#TimesUp is more than a slogan or a trendy hashtag that lets you do the least but still show you care. It comes out of the real pain of millions of women who don't have the access or privilege to be truly heard when they turn on their phones and type a message into the world.
Judging by her recent tweet, it seems that Ivanka Trump may not grasp the movement's monumental gravity. On Monday night, she wrote, "Just saw @Oprah's empowering and inspiring speech at last night's #GoldenGlobes." In the speech, Oprah Winfrey told powerful men who abuse women that their time is over as she accepted the Cecil B. DeMille award, a lifetime honor. "Let's all come together, women & men, & say #TimesUp! #United," she continued.
At this point, it's beating a dead horse to point out that Ivanka's father is a powerful man who has been accused of both sexual harassment and rape by at least a dozen women, one of whom said she was 13 when he forced himself on her at a party. It is a fact that will never go away, and that she has never meaningfully addressed.
If we're to interpret the second part of her tweet as a call to action, and it sure sounds like one, it leads us to wonder whether she plans to donate to #TimesUp or do any work around the cause. (We've reached out to her White House team to ask, and will update this story when we hear back.)
This isn't the first time Ivanka has publicly said the obvious about sexual harassment. In a speech in Tokyo in November, she said sexual harassment in the workplace should “never be tolerated.” She advocated for women's economic empowerment at the Global Entrepreneurship Summit in India. She also addressed the child molestation allegations against former Republican Senate candidate Roy Moore, saying she believed his accusers (although she didn't call for him to exit the race, which he later lost). To the AP, she said: "There's a special place in hell for people who prey on children. I've yet to see a valid explanation and I have no reason to doubt the victims' accounts."
There were reports last year that Ivanka had tearfully tried to convince her father to apologize after his "grab them by the pussy" comments on Access Hollywood, which he ended up doing. “My father’s comments were clearly inappropriate and offensive and I’m glad that he acknowledged this fact with an immediate apology to my family and the American people,” she said in a statement at the time.
Ivanka has fashioned herself as the women's issues go-to in the White House.

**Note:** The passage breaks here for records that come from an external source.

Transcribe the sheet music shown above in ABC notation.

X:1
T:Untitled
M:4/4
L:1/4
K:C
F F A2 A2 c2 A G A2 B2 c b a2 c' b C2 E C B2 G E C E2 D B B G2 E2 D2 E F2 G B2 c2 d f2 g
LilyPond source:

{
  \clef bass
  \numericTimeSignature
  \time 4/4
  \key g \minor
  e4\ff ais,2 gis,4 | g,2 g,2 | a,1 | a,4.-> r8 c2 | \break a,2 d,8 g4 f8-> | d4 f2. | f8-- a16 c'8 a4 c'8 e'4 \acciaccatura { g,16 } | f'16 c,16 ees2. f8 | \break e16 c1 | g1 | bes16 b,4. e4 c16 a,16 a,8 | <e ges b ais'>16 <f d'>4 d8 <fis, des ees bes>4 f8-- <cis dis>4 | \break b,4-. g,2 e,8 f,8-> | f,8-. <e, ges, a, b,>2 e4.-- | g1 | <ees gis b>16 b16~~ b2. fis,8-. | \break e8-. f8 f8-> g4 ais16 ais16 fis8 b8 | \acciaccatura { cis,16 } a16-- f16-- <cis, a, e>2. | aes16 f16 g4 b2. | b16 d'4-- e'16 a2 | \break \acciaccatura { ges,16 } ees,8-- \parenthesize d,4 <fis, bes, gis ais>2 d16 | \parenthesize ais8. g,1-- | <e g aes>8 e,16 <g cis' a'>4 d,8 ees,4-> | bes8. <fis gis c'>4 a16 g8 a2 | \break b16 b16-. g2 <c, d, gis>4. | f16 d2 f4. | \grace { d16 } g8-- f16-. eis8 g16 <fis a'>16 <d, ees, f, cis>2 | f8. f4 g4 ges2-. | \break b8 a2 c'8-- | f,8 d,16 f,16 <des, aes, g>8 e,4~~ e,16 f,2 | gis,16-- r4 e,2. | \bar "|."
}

In the past year, she got a paid parental leave program into the federal budget (though it was criticized for not going far enough), helped the World Bank launch a program that aids female entrepreneurs, and got Congress to expand the child tax credit in the new tax bill, which was touted as a major win for her.
In short, what Ivanka says — and does — matters.
So what could she do to show her commitment to #TimesUp? She may never denounce her father, but she could say, "These allegations are serious and we take them seriously."
She could, and should, throw her weight behind Time's Up, the legal defense fund launched by celebrities including Reese Witherspoon, Shonda Rhimes, and America Ferrera to help survivors of sexual assault and harassment across all industries challenge their attackers. An easy way to get started would be to donate a substantial sum. (We checked the organization's GoFundMe page and haven't found an entry from Ivanka.)
But why stop at money? If Ivanka wanted to make appearances to speak on behalf of the women who are harassed and silenced every day, she has the public recognition to do so in spades. Her team could approach Witherspoon or Rhimes or Ferrera — maybe even Oprah, whom her dad adores — to work on a project together. That would arguably get Ivanka closer to where she wants to be: in the public eye as a role model praised for empowering women.
Policy-wise, she could speak up against the administration's rollbacks to Title IX campus sexual assault guidelines and the huge cuts to Violence Against Women Act programs that help vulnerable communities, just for starters. It wouldn't earn her Brownie points with other Trump policy advisers, but it would be in line with the causes she wants to champion.
It's frustrating waiting for Ivanka to come through, and tempting to stop trying. But she is uniquely positioned to be a spokesperson for women, and still admired by many despite her father's low approval ratings and other troubles. There is so much more she could say than her too-on-the-nose 140 characters (or even 280, had she taken advantage of that) could convey.
We've reached out to Ivanka's office at the White House, and will update this story when we hear back.